Task brief
An exact copy of the data is required, with no pictures in it.

Source material
------------------------------------
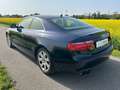 Audi A5 Coupe 2.0 tfsi Blu/Azzurro - thumbnail 6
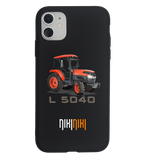 NIK-ETUI-STDCZ-KUBOTA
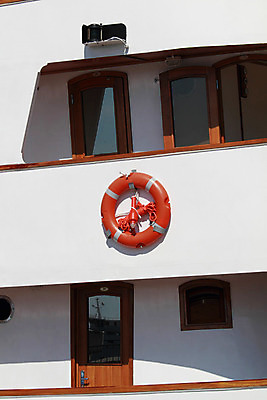 포토 JPG 해외이미지 유럽 바다 섬 여행 백그라운드 요트 건축양식 교통시설 하늘 휴가 항해 풍경 사람없음 건물 물 여름 파란색 도시풍경 탑 항구 도시 만 보트 크루즈 함선 포트 타운 크로아티아 스카이라인 다리찢기 옛날 해외202004 해외포토 자연요소 건축물 계절 건축 나라 컬러 교통 배_교통 모션 시설 파일형식 이미지허브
------------------------------------
Answer below
 Audi A5 Coupe 2.0 tfsi Blu/Azzurro - thumbnail 6
 NIK-ETUI-STDCZ-KUBOTA
 포토 JPG 해외이미지 유럽 바다 섬 여행 백그라운드 요트 건축양식 교통시설 하늘 휴가 항해 풍경 사람없음 건물 물 여름 파란색 도시풍경 탑 항구 도시 만 보트 크루즈 함선 포트 타운 크로아티아 스카이라인 다리찢기 옛날 해외202004 해외포토 자연요소 건축물 계절 건축 나라 컬러 교통 배_교통 모션 시설 파일형식 이미지허브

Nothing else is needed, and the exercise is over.